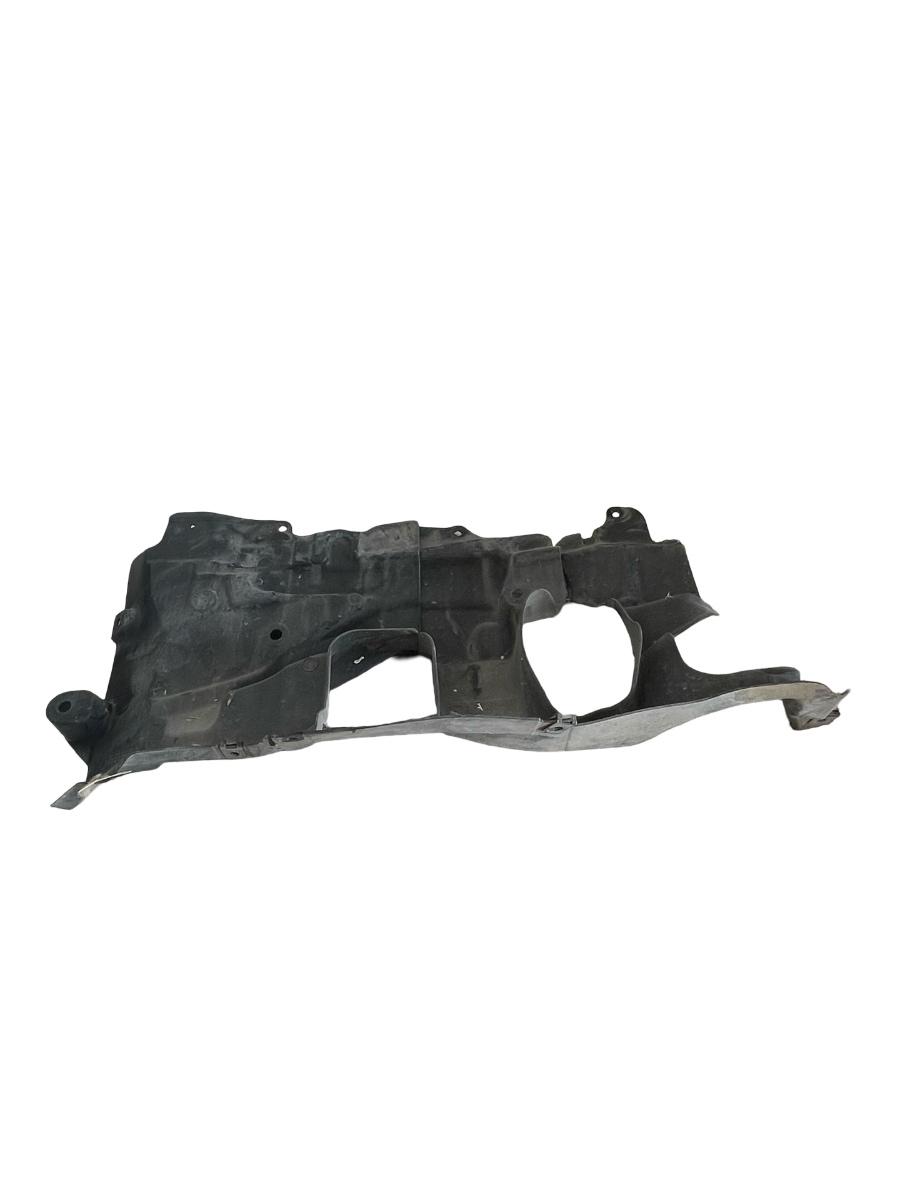 Scut lateral / ornament caseta de directie BMW 5 F10 2009 - 2016 7185169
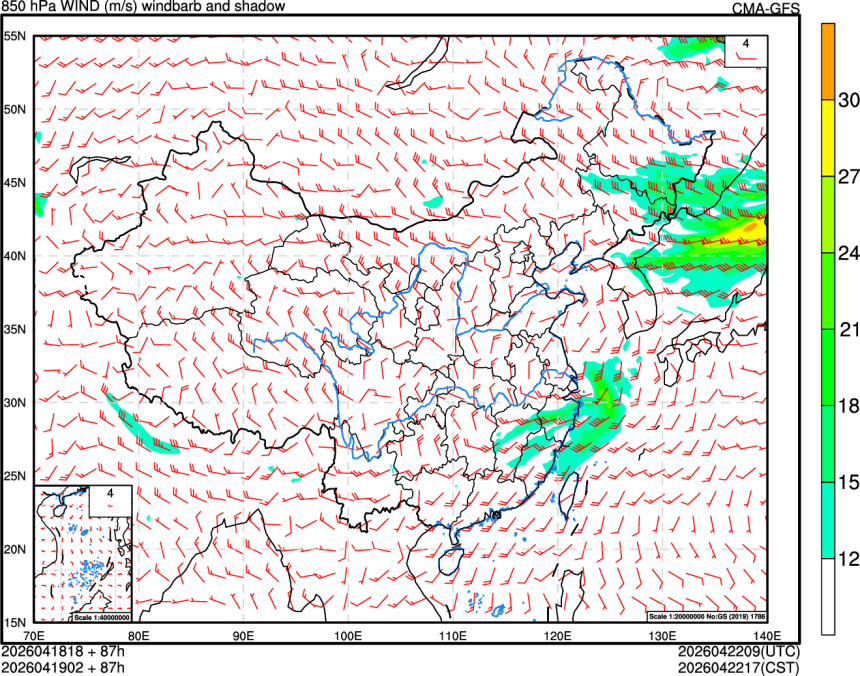 04/18 18时 +087小时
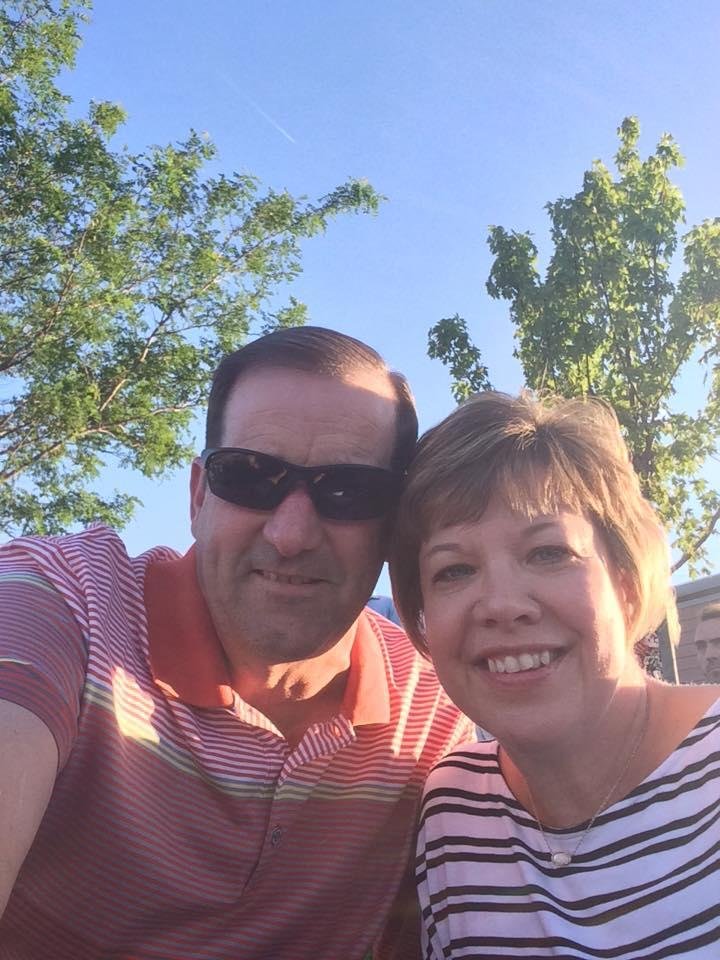 Keith Urban date night!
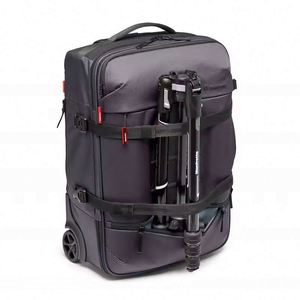 Échantillon gratuit, sac de voyage à roulettes pour appareil photo numérique, design personnalisé, léger, luxueux, grand format - Product Image 1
______
## TASK TO COMPLETE
Retype the listing exactly. Leave the pictures out.

## SOLUTION FOR THIS TASK
 Scut lateral / ornament caseta de directie BMW 5 F10 2009 - 2016 7185169
 04/18 18时 +087小时
 Keith Urban date night!
 Échantillon gratuit, sac de voyage à roulettes pour appareil photo numérique, design personnalisé, léger, luxueux, grand format - Product Image 1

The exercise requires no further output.